In the shifting context of the Iraqi question, one can speak of a French specificity compared to Iraq. The French official position was well described by President Jacques Chirac on January 4, 2001, at the time of the presentation of the wishes of the diplomatic corps. In Iraq, the resumption of the inspections and the deployment of the long-term armaments control must be engaged without delay in order to allow the postponement, then the withdrawal of the sanctions. Their maintenance for the tenth year, by striking harshly innocent and already very afflicted populations, poses political but also ethical problems.

Without any doubt, the accession of a republican administration will change the rules of the game. Vis-a-vis the ambiguous suggestions for intelligent sanctions, France defends a policy of international vigilance which replaces the obsolete system of permanent sanctions. It consists in installing controls on the armaments designed by the resolution 1284, without making acceptance of these controls a prerequisite for the postponement, then for the withdrawal of the punitive sanctions. However, it is necessary to wait for the end of spring 2001, so that the team of W. Bush defines the axes of her Iraqi policy. In Washington, one recognizes the cogency of the French analysis. Nevertheless, the winner's son of the Gulf war will probably not make any apparent concession in the Iraqi file, because it is likely to chip its image by the public opinion. For that, the gate is opened to all dangers in an area also affected by the sudden developments of Intifada against Israel. As in 1991, the Iraqi question and the Israeli-Arabic conflict are interdependent. This de facto connection will weigh on the perceptions of the international actors. In addition, the evolution of the Iranian situation following the next presidential elections will influence also the visions of Washington, Paris, London and Moscow towards Baghdad.

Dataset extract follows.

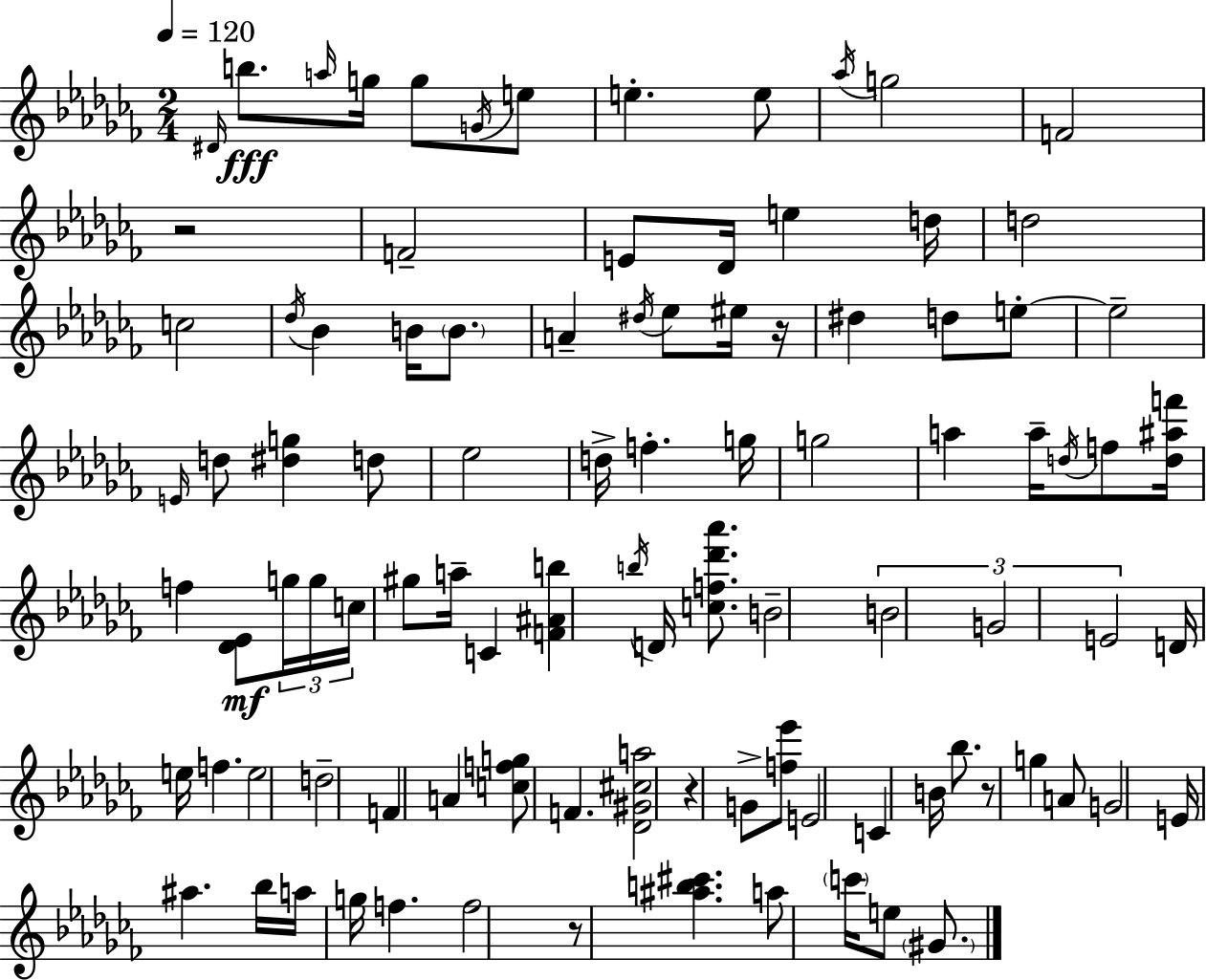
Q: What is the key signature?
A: AES minor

In this unrestrained race between the fatal status quo and the possible American-British escalation, France does not have the means to promote its specific policy. It is true that Iraq does not represent a French foreign policy priority (as it is the case for the Bush administration), but Iraq represents rather a stake which lies within the scope of its regional action. However, this stake is of revealing degree of French influence in this area of the world.

Notes:
(1) The Iraqi Deputy Prime Minister Tarek Aziz is Chaldean by confession, originating from a village close to Mossoul.
(2) In Pierre Rossi, "l'Irak des révoltes", le Seuil "1965.
(3) See "La Menace", Pierre Péan, Fayard, 1987.
(4) In review " International Studies ", Mars 1995.
(5) Dominique Moïsi, Deputy Manager of the French Institute of International Relations, " Arabies ", Paris, September 2000.
6) Interview with Libération, March 1, 2001.